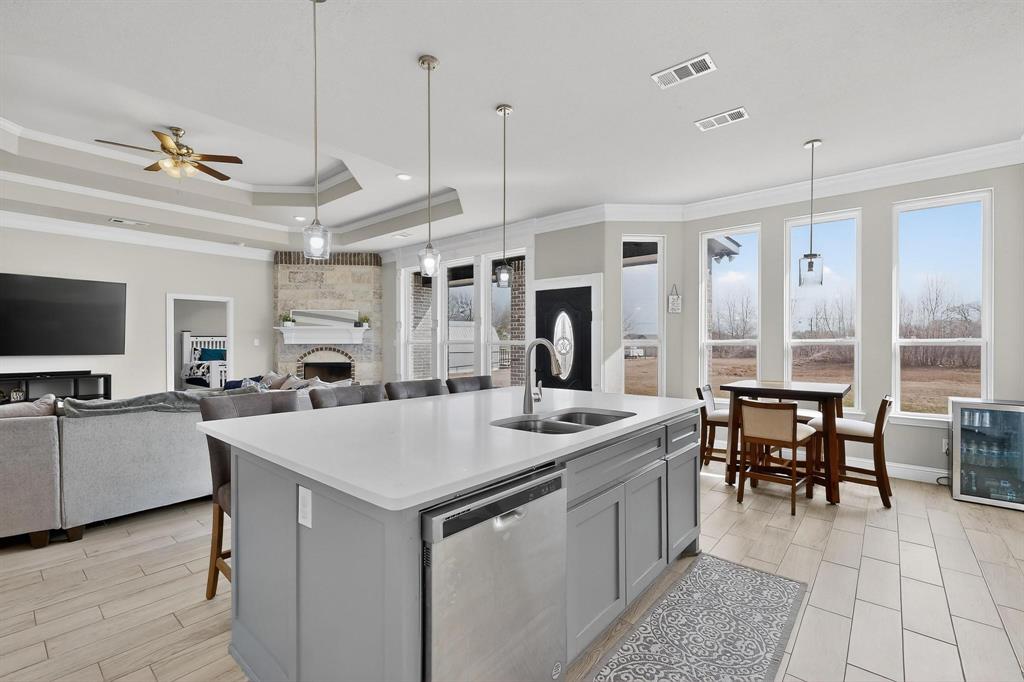 129 Altom Road Springtown, TX 76082 - Photo 9 of 40 a view of kitchen with sink and refrigerator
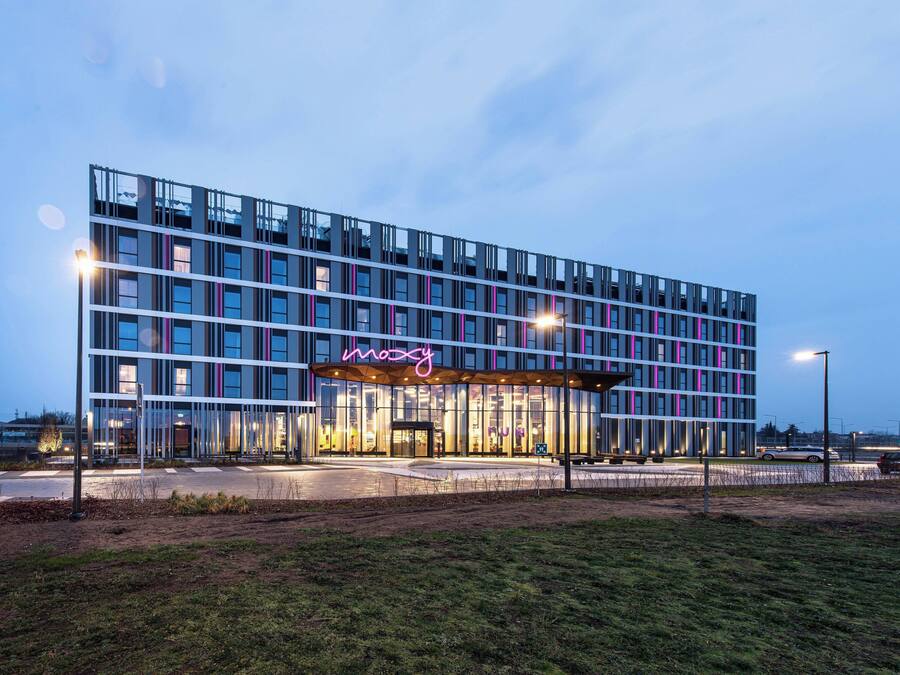 Un hôtel moderne avec une façade en verre, un panneau lumineux au néon et une entrée bien éclairée.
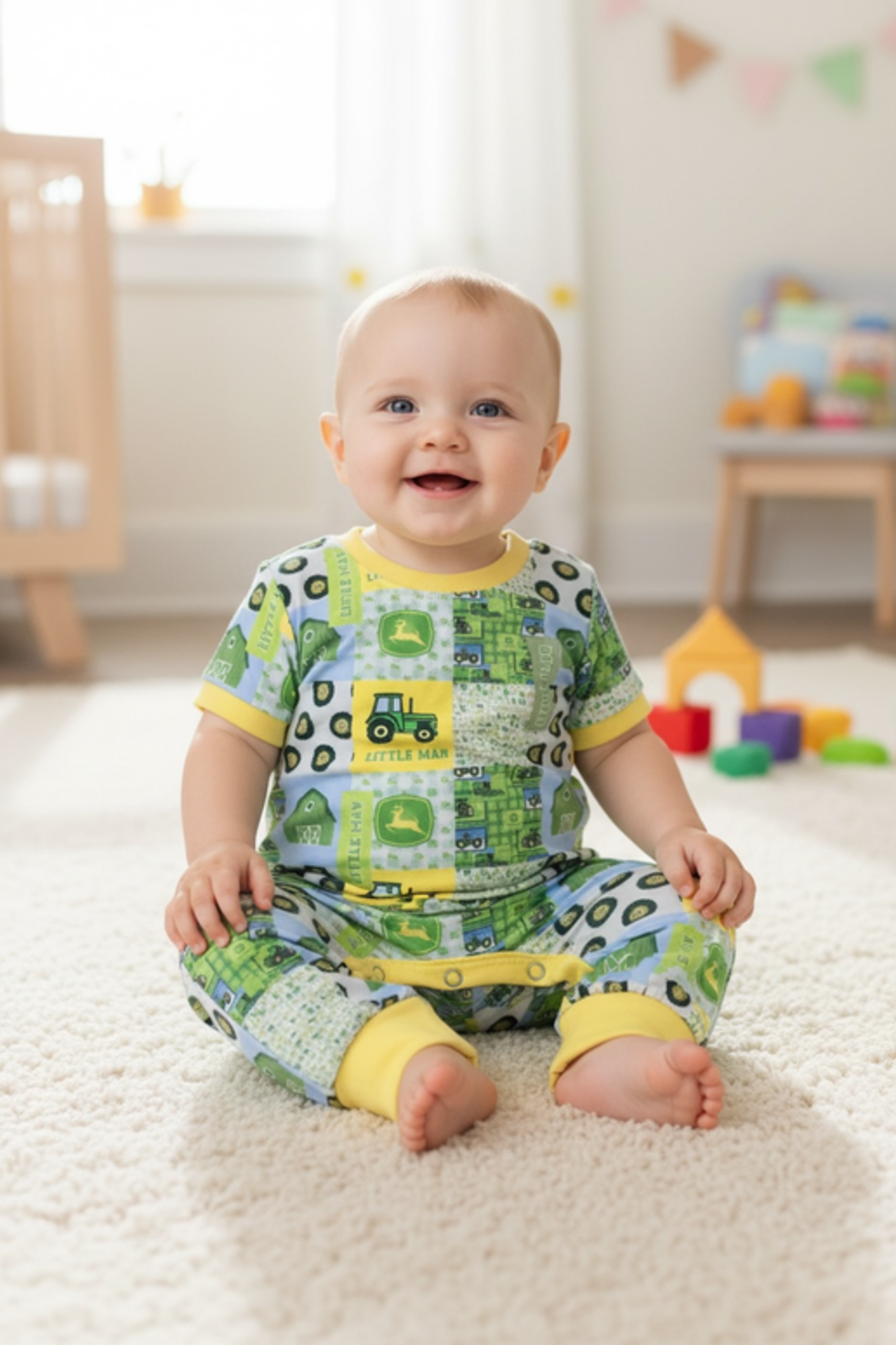 Little man" Tractor printed boys baby romper w/yellow trim.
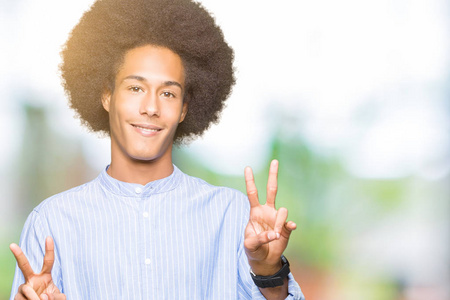 年轻的非裔美国人，有着非洲头发，微笑着看着镜头，手指在做胜利标志。 二号。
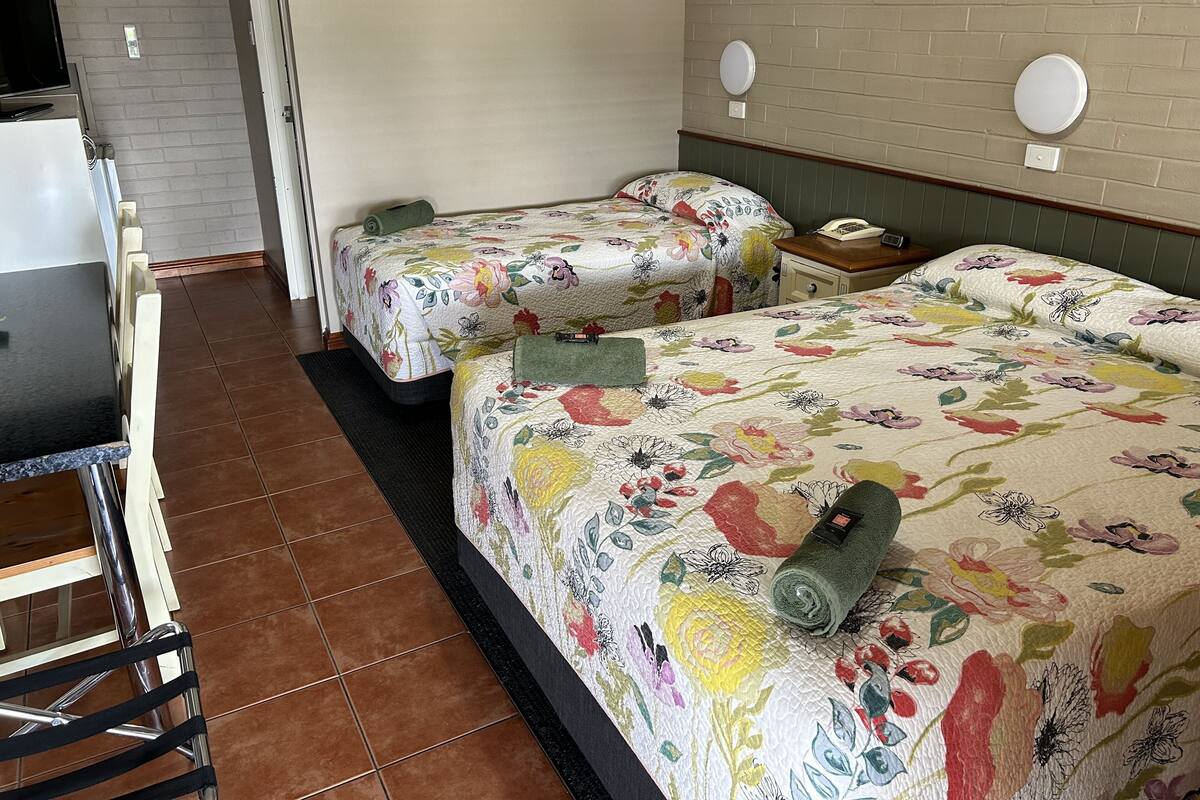 A hotel room with two beds, a small table, and a chair. There are two bedside tables with lamps.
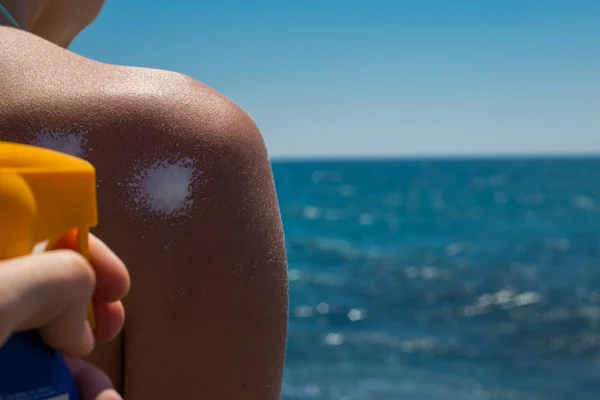 Aplicando protetor solar de creme solar em um ombro de uma mulher para tanino — Fotografia de Stock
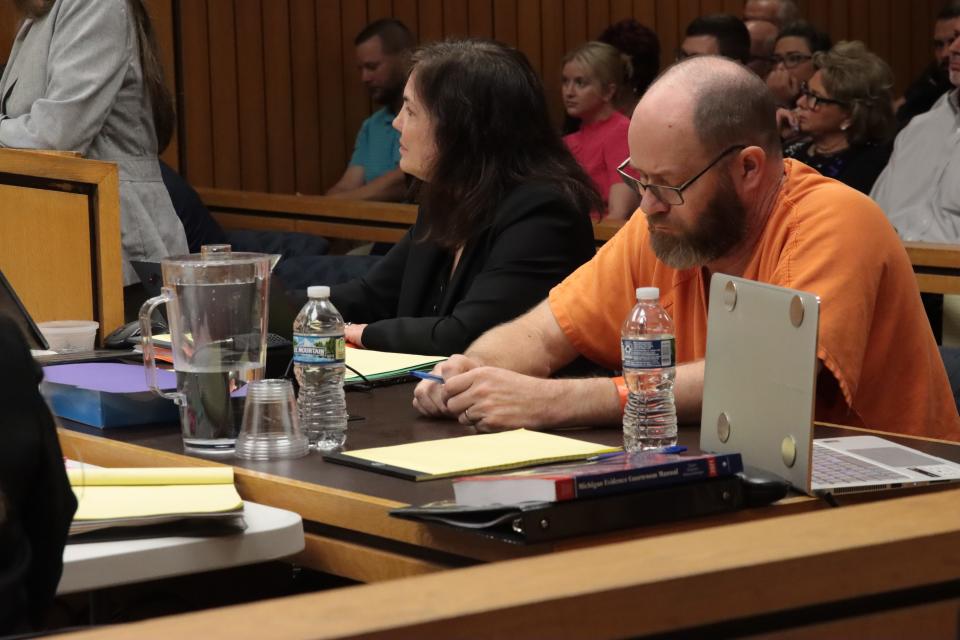 Dale Warner, right, listens to testimony Friday, May 3, 2024, in Lenawee County District Court. This was the third day of a preliminary interaction into the murder and evidence tampering charges against Warner in the disappearance of his wife, Dee.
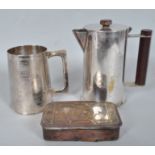 A Trench Art silver plated covered jug with bakelite finial and handle formed from a 12 pounder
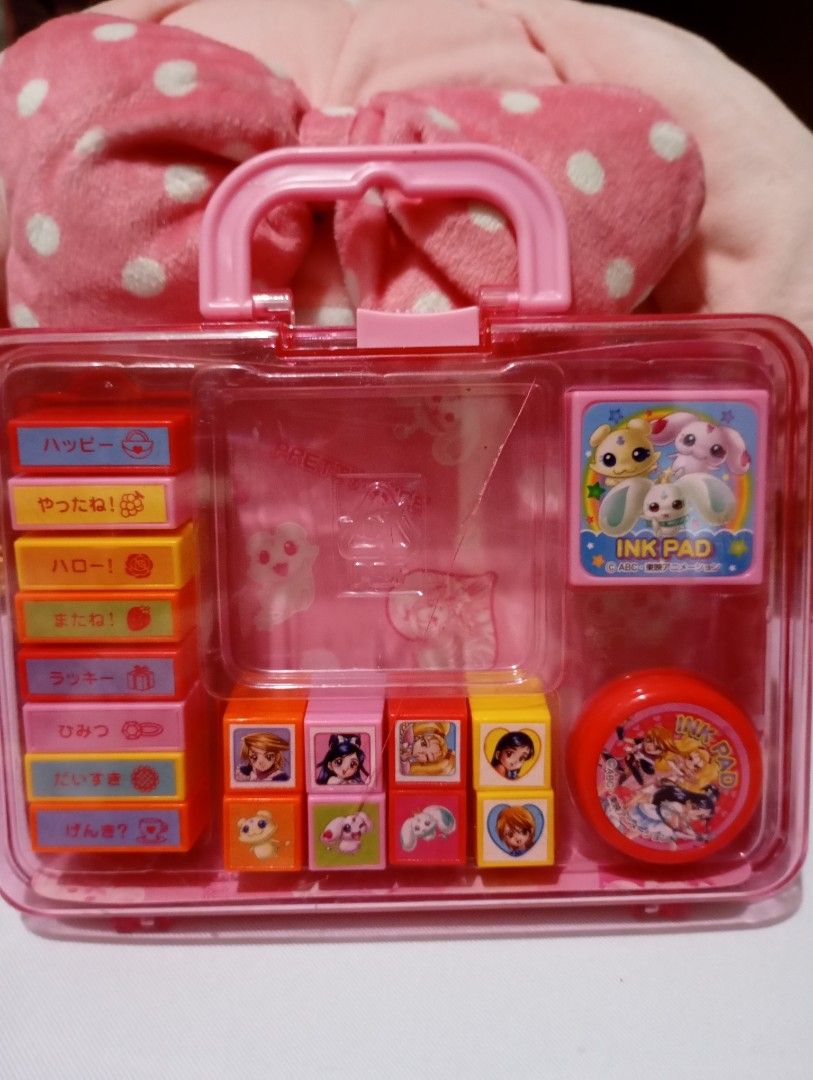 Pretty cute stamp set (Category: Stationery & School Supplies) located in Manila. Submitted by ysabel1102 (Listing ID 1465108170, Image 2). Description: *pretty cute stamp with case *case has damage crack at the back as you can see in the photos * missing note pad * all stamp are complete and UN used * with 2 ink pad.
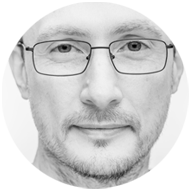 Black and white headshot photo of Eugen Borcan - male, caucasian, short hair, adult in his 40s, wearing glasses with thin rectangular frames.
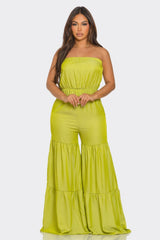 Woman wearing a bright green strapless jumpsuit on a white background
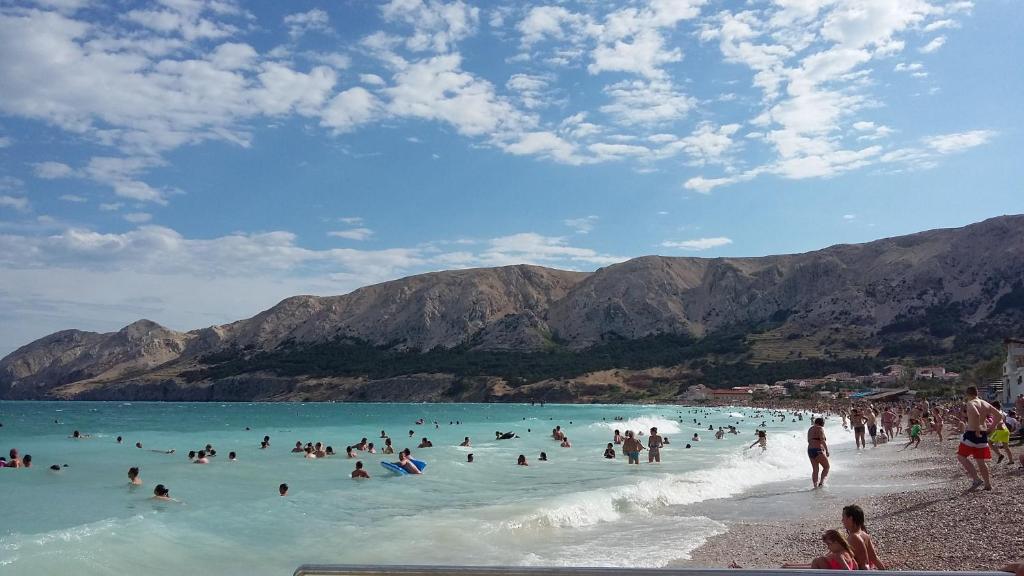 a group of people in the water at a beach at Apartmani Roko in Baška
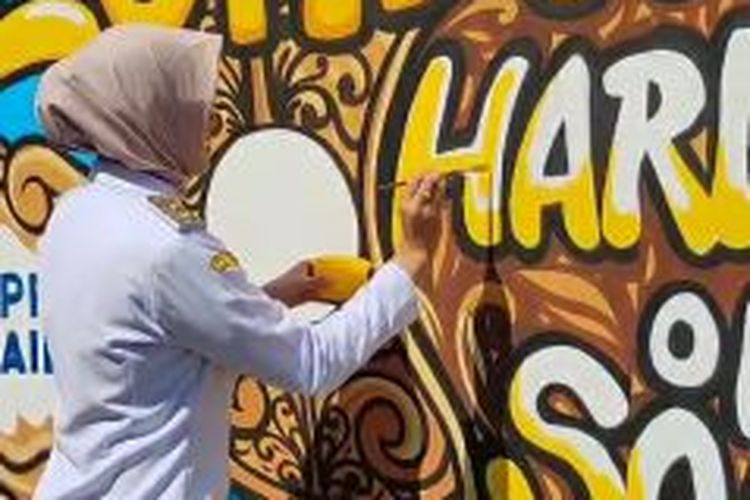 Pasutri asal Bekasi Bersaing Ketat dalam Lomba Mural Sambut Hari Jadi Pemkot Solo di Pagar Tembok Gereja Purbayan
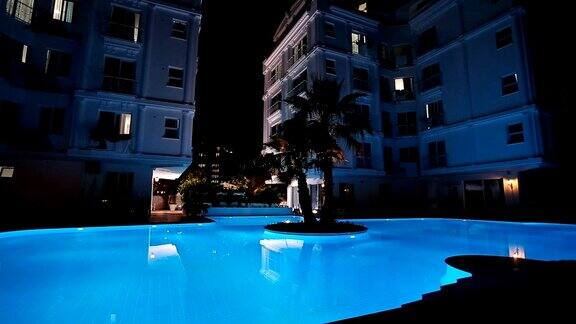 游泳池和瀑布在土耳其的夜间度假背景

--------

#### [EXERCISE REQUIREMENTS]
Nothing but the lines from the line containing "Un hôtel moderne" through the last line of the records above should be written out, exactly and without the pictures.

#### [WRITTEN SOLUTION]
 Un hôtel moderne avec une façade en verre, un panneau lumineux au néon et une entrée bien éclairée.
 Little man" Tractor printed boys baby romper w/yellow trim.
 年轻的非裔美国人，有着非洲头发，微笑着看着镜头，手指在做胜利标志。 二号。
 A hotel room with two beds, a small table, and a chair. There are two bedside tables with lamps.
 Aplicando protetor solar de creme solar em um ombro de uma mulher para tanino — Fotografia de Stock
 Dale Warner, right, listens to testimony Friday, May 3, 2024, in Lenawee County District Court. This was the third day of a preliminary interaction into the murder and evidence tampering charges against Warner in the disappearance of his wife, Dee.
 A Trench Art silver plated covered jug with bakelite finial and handle formed from a 12 pounder
 Pretty cute stamp set (Category: Stationery & School Supplies) located in Manila. Submitted by ysabel1102 (Listing ID 1465108170, Image 2). Description: *pretty cute stamp with case *case has damage crack at the back as you can see in the photos * missing note pad * all stamp are complete and UN used * with 2 ink pad.
 Black and white headshot photo of Eugen Borcan - male, caucasian, short hair, adult in his 40s, wearing glasses with thin rectangular frames.
 Woman wearing a bright green strapless jumpsuit on a white background
 a group of people in the water at a beach at Apartmani Roko in Baška
 Pasutri asal Bekasi Bersaing Ketat dalam Lomba Mural Sambut Hari Jadi Pemkot Solo di Pagar Tembok Gereja Purbayan
 游泳池和瀑布在土耳其的夜间度假背景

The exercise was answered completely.